*DESCRIPTION OF THE TASK*. Only the lines from the start of the data to the line containing "The main striking", both included, should be output, exactly and without pictures.
+++ SOURCE MATERIAL
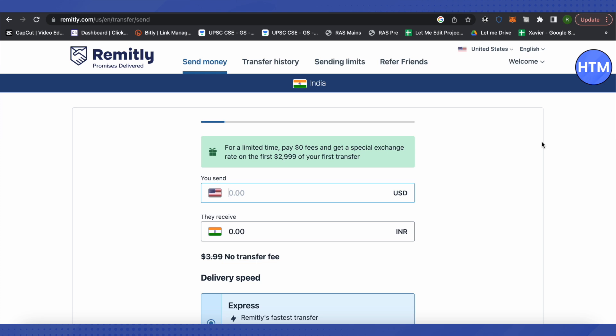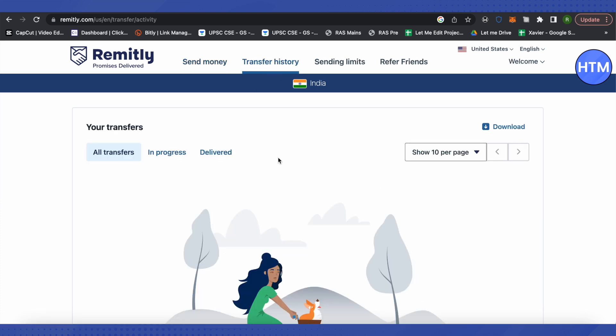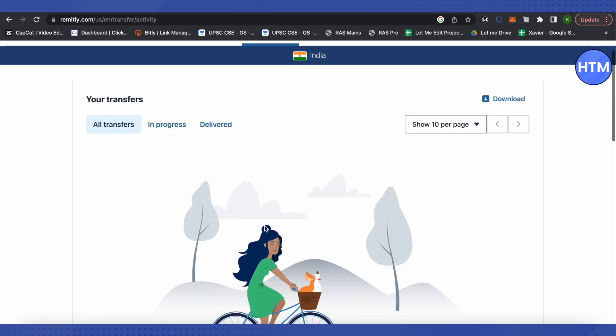You will also be able to track it. If you are on a browser, simply click on the Transfer History option. Over here you will find all the transactions that are currently going on, or you can also click on In Progress to see the current transactions in one place. This way you can click on them to track them or get any details out of them.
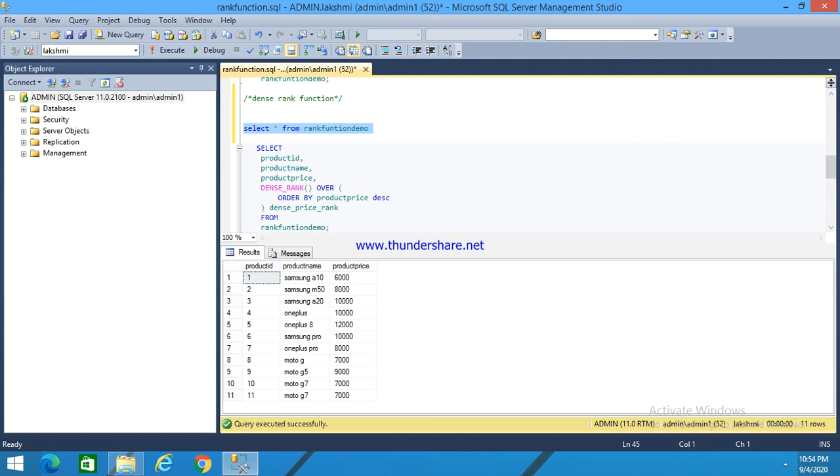Hi, this is Lakshmi. Today I am going to explain the DENSE_RANK function. What is DENSE_RANK function? It is a window function that assigns a rank to each row, but it is different from the RANK function as it returns consecutive rank values.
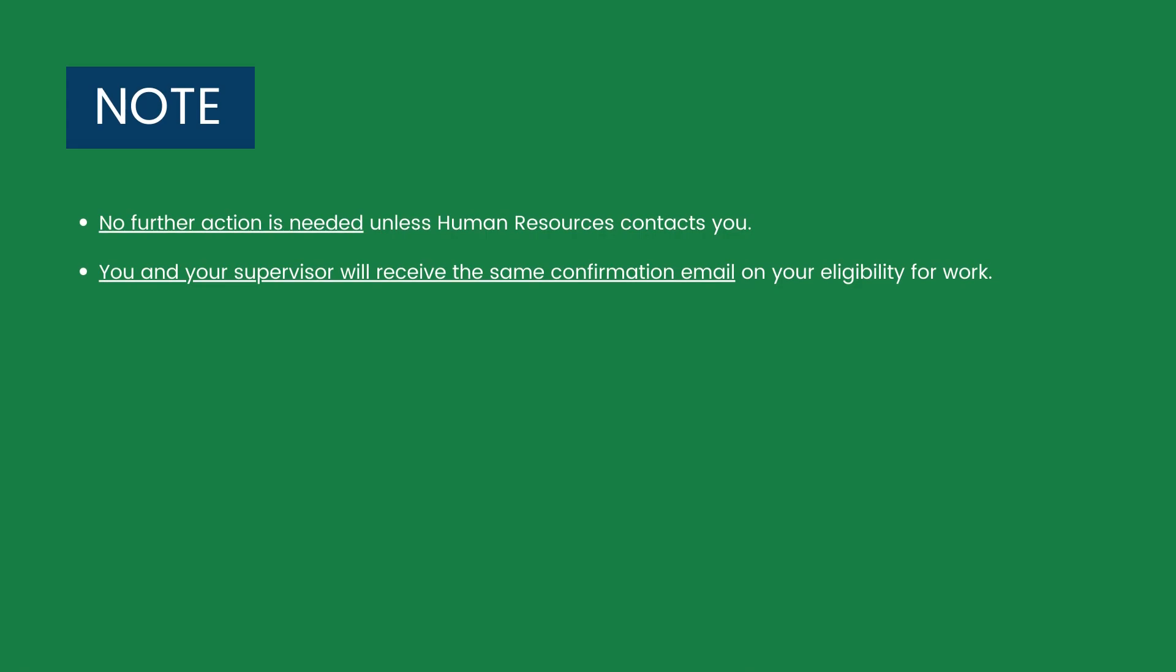Note that after submitting, no further action is needed unless Human Resources contacts you. You and your supervisor will receive the same confirmation email on your eligibility for work.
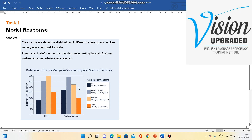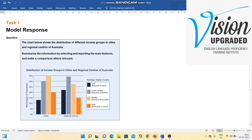The main striking features of this chart are that the highest percentage of population in cities — 35% — belongs to the middle income earners group. In regional centres, the grey bar at about 34% comprises the lower middle class earners who were earning forty thousand dollars to seventy thousand dollars. This is a key striking feature of this bar chart.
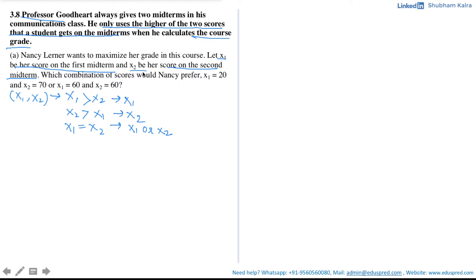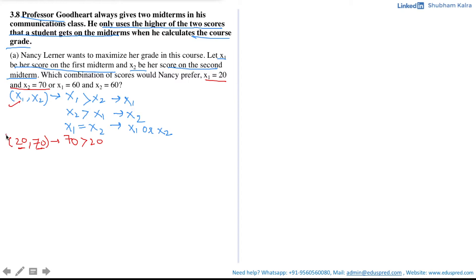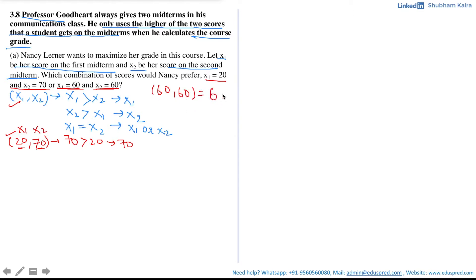The question gives us two combinations. The first combination is x1 is 20 and x2 is 70, so the combination is (20, 70). Note that 70 is greater than 20, which means the score on the second midterm is higher, so the score of 70 would be considered. Now consider the second scenario where x1 is 60 and x2 is also 60. Since both are equal, the score of 60 would be considered. So when the combination was (20, 70), the final score was 70, and when both grades are 60, the final score is 60.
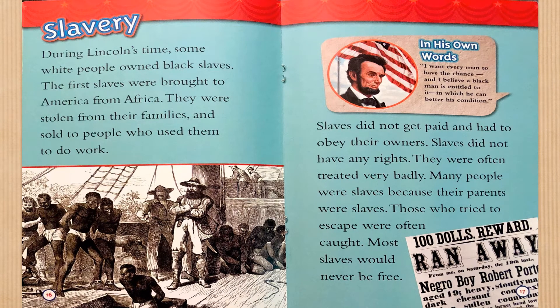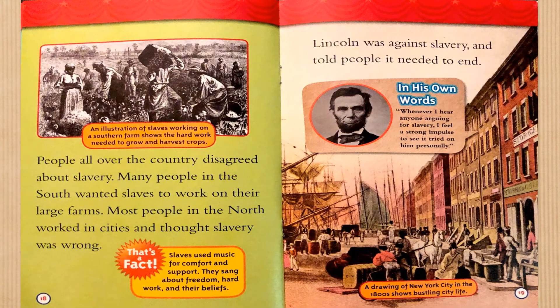Slavery. During Lincoln's time, some white people owned black slaves. The first slaves were brought to America from Africa. They were stolen from their families and sold to people who used them to do work. Slaves did not get paid and had to obey their owners. Slaves did not have any rights and were often treated very badly. Many people were slaves because their parents were slaves. Those who tried to escape were often caught. Most slaves would never be free. In his own words: 'I want every man to have the chance, and I believe a black man is entitled to it, in which he can better his condition.' Slaves used music for comfort and support — they sang about freedom, hard work, and their beliefs.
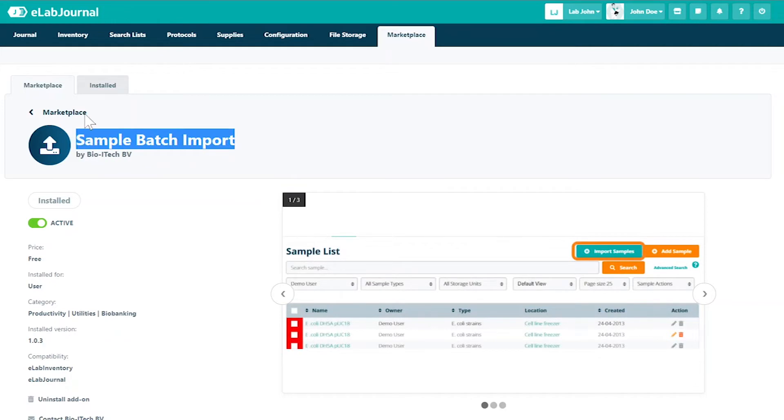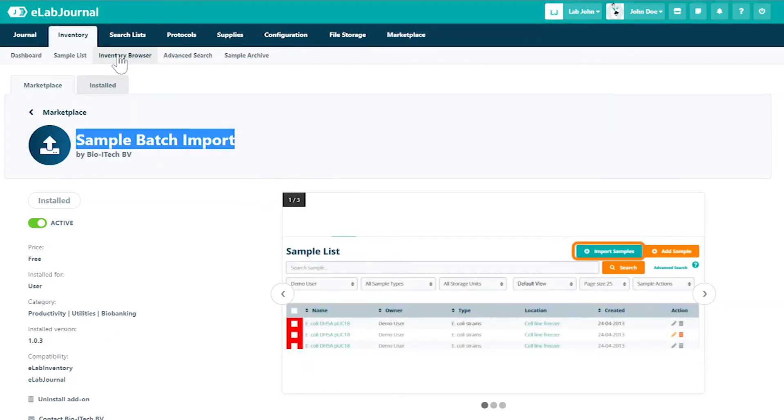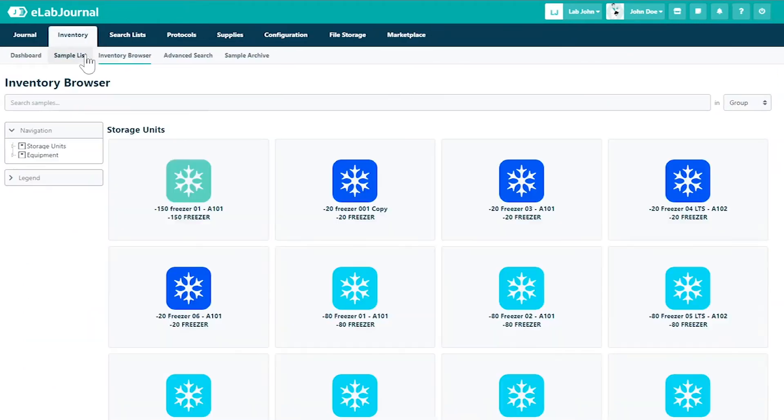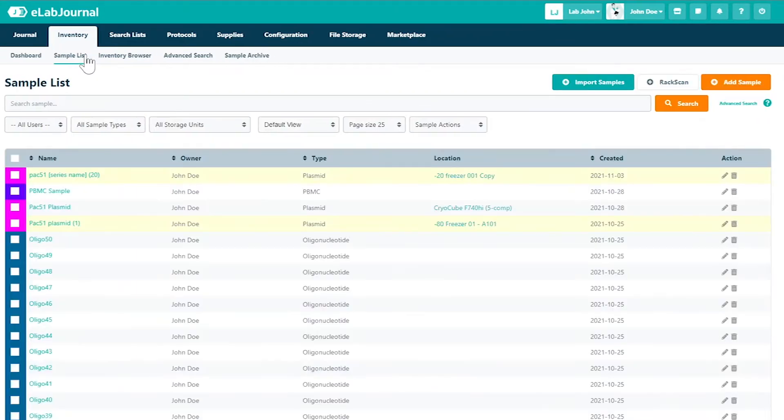In this case, Sample Batch Import is used to import samples in batches for improved productivity and is found in the sample list.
++++++
*RESULT BELOW*.
You will also be able to track it. If you are on a browser, simply click on the Transfer History option. Over here you will find all the transactions that are currently going on, or you can also click on In Progress to see the current transactions in one place. This way you can click on them to track them or get any details out of them.
Hi, this is Lakshmi. Today I am going to explain the DENSE_RANK function. What is DENSE_RANK function? It is a window function that assigns a rank to each row, but it is different from the RANK function as it returns consecutive rank values.
Note that after submitting, no further action is needed unless Human Resources contacts you. You and your supervisor will receive the same confirmation email on your eligibility for work.
The main striking features of this chart are that the highest percentage of population in cities — 35% — belongs to the middle income earners group. In regional centres, the grey bar at about 34% comprises the lower middle class earners who were earning forty thousand dollars to seventy thousand dollars. This is a key striking feature of this bar chart.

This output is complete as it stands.